I can't bring myself to read this. Am too afraid that a new obsession will be born.
Sounds great to me. Personally, I'd probably have fun with the heavy catholicism - one of the bloodiest weird mythologies I know.
Wise Kwai, I found a page with some cast info and screencaps from the Indonesian Darna movie, Darna Ajaib here. There are also numerous clips from it on Youtube, most of which weren't very interesting, but this one has some awesome special effects at just about the one minute mark. I must say though, that the Indonesian version of Darna wears her debt to Wonder Woman on her sleeve to a much greater extent than the Pinoy one.

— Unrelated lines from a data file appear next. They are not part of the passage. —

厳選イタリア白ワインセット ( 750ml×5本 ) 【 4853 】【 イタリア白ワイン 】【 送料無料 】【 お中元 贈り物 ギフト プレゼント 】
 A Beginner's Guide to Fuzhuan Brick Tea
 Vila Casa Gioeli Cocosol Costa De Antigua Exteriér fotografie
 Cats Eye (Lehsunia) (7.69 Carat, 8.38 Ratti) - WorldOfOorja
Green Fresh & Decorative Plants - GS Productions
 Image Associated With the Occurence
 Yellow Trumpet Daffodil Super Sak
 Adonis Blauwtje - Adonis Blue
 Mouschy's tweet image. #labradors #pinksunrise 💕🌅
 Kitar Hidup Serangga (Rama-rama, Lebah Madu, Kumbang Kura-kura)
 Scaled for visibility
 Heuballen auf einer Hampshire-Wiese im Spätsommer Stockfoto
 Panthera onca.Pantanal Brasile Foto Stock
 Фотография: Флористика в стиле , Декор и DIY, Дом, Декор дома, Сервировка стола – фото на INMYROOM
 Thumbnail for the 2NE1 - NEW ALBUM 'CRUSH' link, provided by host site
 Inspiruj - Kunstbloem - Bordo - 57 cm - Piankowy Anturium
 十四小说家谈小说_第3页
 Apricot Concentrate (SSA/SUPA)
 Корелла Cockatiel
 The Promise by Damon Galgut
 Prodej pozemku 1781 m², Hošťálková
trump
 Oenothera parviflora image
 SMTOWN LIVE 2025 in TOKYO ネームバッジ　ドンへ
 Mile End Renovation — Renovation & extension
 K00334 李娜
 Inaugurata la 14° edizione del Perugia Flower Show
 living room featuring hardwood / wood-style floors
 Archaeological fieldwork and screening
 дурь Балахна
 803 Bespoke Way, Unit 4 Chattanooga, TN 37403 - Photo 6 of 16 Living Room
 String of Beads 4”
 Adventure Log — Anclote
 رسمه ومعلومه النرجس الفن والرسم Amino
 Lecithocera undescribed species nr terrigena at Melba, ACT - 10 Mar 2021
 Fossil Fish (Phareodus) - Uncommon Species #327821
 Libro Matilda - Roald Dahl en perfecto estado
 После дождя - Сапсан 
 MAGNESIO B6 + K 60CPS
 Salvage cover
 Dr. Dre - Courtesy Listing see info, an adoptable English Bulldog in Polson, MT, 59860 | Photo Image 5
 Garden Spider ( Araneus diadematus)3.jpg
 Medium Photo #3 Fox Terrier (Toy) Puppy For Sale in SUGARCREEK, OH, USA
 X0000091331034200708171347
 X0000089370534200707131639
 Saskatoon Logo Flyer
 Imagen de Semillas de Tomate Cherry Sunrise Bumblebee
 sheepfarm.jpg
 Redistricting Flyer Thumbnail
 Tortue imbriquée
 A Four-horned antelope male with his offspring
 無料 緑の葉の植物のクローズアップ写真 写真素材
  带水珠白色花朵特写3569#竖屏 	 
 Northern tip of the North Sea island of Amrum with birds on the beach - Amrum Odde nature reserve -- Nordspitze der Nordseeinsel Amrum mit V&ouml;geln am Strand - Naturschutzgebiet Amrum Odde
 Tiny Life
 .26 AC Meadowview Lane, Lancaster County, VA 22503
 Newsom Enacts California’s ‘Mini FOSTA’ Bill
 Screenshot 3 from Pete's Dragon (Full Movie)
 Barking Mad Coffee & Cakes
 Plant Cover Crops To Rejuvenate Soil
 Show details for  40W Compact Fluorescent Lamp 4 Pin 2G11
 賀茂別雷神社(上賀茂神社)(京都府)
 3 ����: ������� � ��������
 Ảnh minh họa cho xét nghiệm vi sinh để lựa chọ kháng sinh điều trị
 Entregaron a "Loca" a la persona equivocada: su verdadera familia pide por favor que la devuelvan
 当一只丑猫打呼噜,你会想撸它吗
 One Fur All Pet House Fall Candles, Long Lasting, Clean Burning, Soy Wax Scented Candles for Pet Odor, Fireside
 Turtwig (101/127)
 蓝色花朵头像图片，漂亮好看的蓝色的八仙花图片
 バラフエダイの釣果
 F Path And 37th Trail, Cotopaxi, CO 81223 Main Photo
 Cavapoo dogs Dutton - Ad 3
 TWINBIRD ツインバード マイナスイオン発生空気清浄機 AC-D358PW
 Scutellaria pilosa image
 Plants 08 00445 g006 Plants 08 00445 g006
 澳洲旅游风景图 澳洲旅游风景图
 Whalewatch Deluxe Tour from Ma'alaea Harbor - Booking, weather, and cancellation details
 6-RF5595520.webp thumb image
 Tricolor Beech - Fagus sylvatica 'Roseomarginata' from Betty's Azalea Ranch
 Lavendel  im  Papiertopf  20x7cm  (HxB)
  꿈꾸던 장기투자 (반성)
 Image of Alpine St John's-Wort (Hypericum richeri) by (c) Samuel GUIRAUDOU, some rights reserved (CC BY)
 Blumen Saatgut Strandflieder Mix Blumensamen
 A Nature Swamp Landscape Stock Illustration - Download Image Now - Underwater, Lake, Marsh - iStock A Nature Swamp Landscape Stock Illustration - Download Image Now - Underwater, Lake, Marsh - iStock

It looks like the Filipino Darna movie that played at PIFF was 1994's Darna, Ang Pagbabalik, which starred Anjanette Abayari, one of those actresses to portray Darna in more recent years who I referred to in my post as being more on the, um, bodacious side.
Memsaab: Perhaps your caution is warranted. I wouldn't exactly call Darna addictive, but she does grow on you.
House: You're right. That stuff make Lovecraft look like Mother Goose.
Cool! Looking forward to more Darna. :D
I'll be delving into some of the Vilma Santos Darna movies in the next few weeks. My lovely wife has graciously agreed to provide rough translation for at least one of them, so, at least in one case, my review won't be the typical "der, der, der -- ooh, pretty colors -- der, der, etc...."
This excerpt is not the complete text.